Il motivo è inammissibile.
In primo luogo si osserva che La Corte si è pronunciata (pag. 3 della sentenza) sulla irrilevanza della richiesta di audizione, non avendo l’appellante dedotto alcuna nuova circostanza sulla quale dovrebbe essere sentito, evidenziando il difetto di credibili allegazioni.

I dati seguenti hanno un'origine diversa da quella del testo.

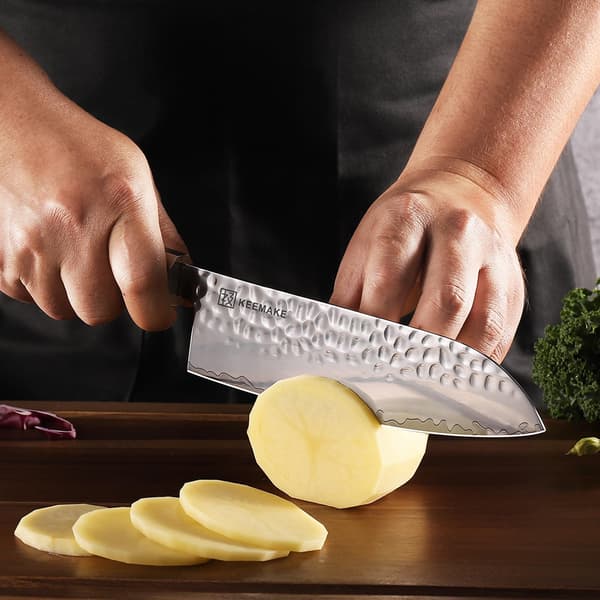 KEEMAKE Santoku -veitsi, korkealaatuista hiiliterästä, ergonominen puukahva,7 tuumaa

La parte, pur consapevole che il diniego di protezione sussidiaria è fondato (anche) sulla ritenuta non credibilità del ricorrente, non muove specifiche sul giudizio reso in ordine alla valutazione di credibilità, limitandosi ad affermare genericamente ed apoditticamente che il suo racconto è lineare, né esplicita quali fatti, in adempimento del dovere di allegazione, avrebbe voluto chiarire nella nuova audizione. In grado di appello il rinnovo della audizione non si configura come un incombente automatico e doveroso, dovendo il giudice di valutarne la specifica rilevanza, e ben potendo il giudice del gravame respingere la domanda di protezione internazionale, che risulti manifestamente infondata, sulla sola base degli elementi di prova desumibili dal fascicolo di causa e di quelli emersi attraverso l’audizione o la videoregistrazione svoltesi nella fase amministrativa (Cass. n. 8931 del 14/05/2020). In questo caso, la Corte ha valutato negativamente la rilevanza della nuova audizione, osservando anche che il giudizio di inattendibilità reso dal giudice di primo grado non è stato adeguatamente censurato; si evidenzia così un difetto di allegazione non superabile attraverso i poteri officiosi. In difetto di allegazione di una storia credibile non può ritenersi sussistente il rischio individualizzato di cui all’art. 14, lett. b), poiché il giudice non può e non deve supplire ad eventuali carenze delle allegazioni (Cass. n. 2355/2020; Cass. 8819/2020), posto che il ricorrente è l’unico ad essere in possesso delle informazioni relative alla sua storia personale e quindi deve indicare gli elementi relativi all’età, all’estrazione, ai rapporti familiari, ai luoghi in cui ha soggiornato in precedenza, alle domande di asilo eventualmente già presentate (v. CGUE 5 giugno 2014, causa C146/14; nello stesso senso Cass. 8819/2020).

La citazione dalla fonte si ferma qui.